Fresh

Fresh a douze ans et vit dans le quartier noir de New-York, Harlem. Il est le garçon à tout faire du quartier. Écoulant de la drogue pour le compte d’Esteban, il ne mène pourtant pas une vie de gangster et va à l’école tous les jours. Dès qu’il le peut, il retrouve son père, devenu clochard et hustler*, en cachette. Ce dernier lui enseigne les échecs.

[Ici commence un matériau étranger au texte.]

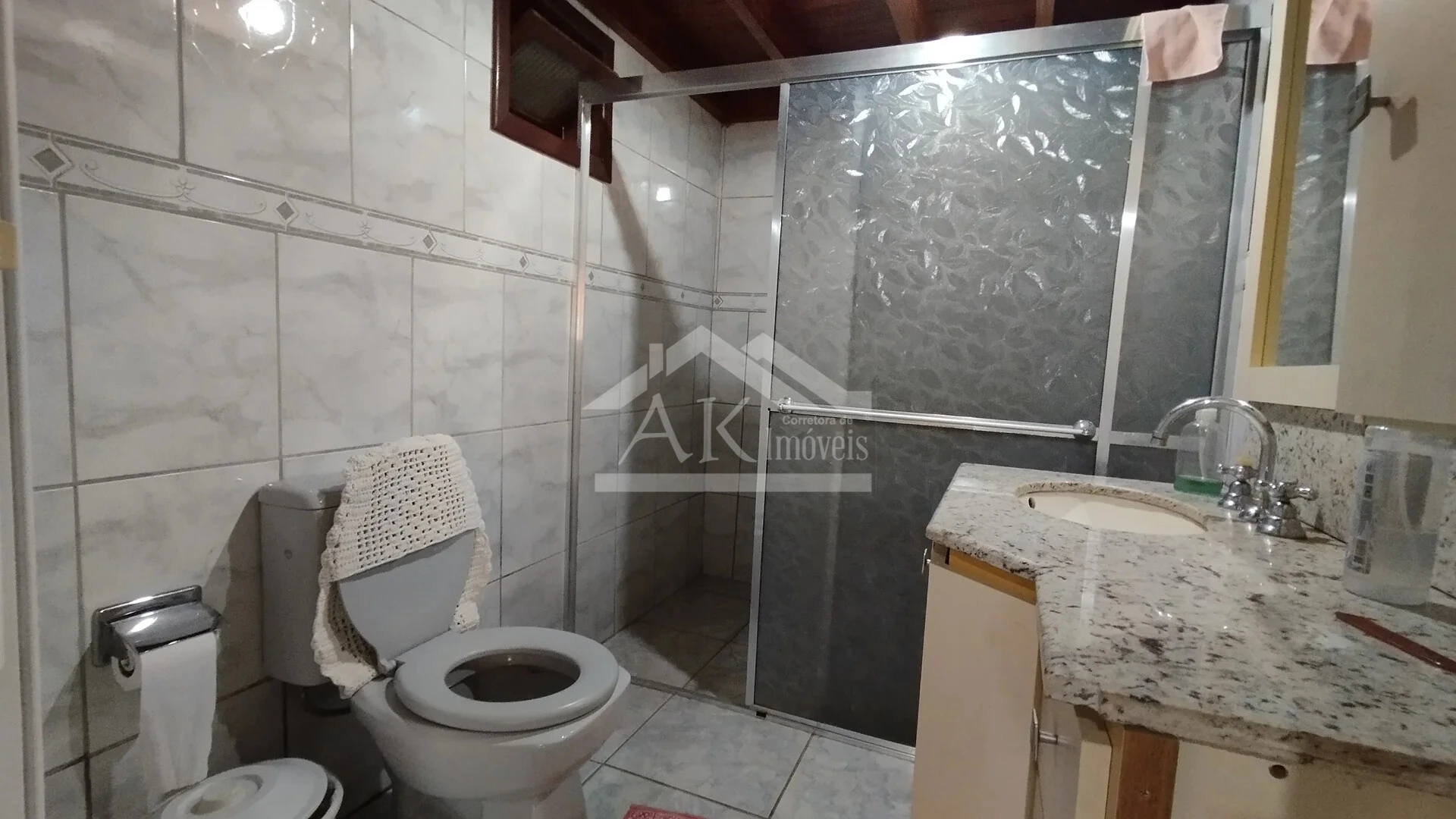 Imagens do imóveis Casa arborizada com vista panorâmica à venda em Dois Irmãos, RS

Devenu un expert en manipulation, Fresh met sur pied un plan machiavélique pour venger la mort de sa petite-amie, abattue lors d’un règlement de comptes.

Fresh, réalisé par Boaz Yakin en 1994 avec Sean Nelson et Samuel L. Jackson, « dans le jargon branché (déjà presque daté) des rappeurs noirs américains, ça veut dire chic, choc, énergique, explique François Gorin dans Télérama. Et le Freshman, en langage plus intemporel, c’est un débutant. Mais le jeune héros du film de Boaz Yakin n’est pas tout à fait un bleu. À 12 ans, ce gosse de Brooklyn a déjà beaucoup appris : à livrer du crack ou de l’héro avant l’heure de l’école ; à se faufiler comme une anguille entre deux gangs rivaux ; à mentir quand il le faut. Dans le monde où vit Fresh, le meurtre est au coin de la rue. Les angoisses d’enfant se diluent vite, trop vite, dans les calculs d’adultes et les réflexes de survie. Le réalisateur prend le parti de nous faire adopter le point de vue du gamin. C’est ce regard, tout à tour effaré et lucide, qui nous conduit au cœur de son parcours initiatique : un apprentissage de la manipulation. Le jeu d’échecs, inculqué à Fresh par un père semi-clochard, en est la métaphore limpide. Et c’est l’entrée d’un gamin dans cette logique froide qui fait peur, plus que la violence, dont Boaz Yakin fait d’ailleurs un usage peu spectaculaire. Ici, pas d’enchaînement de scènes d’action rythmées par des tubes rap. Au point d’en paraître anachronique, la mise en scène prend son temps, sur une musique discrète signée Stewart Copeland. Comme il s’agit du premier film d’un scénariste, on ne s’étonnera pas d’un tel scrupule. »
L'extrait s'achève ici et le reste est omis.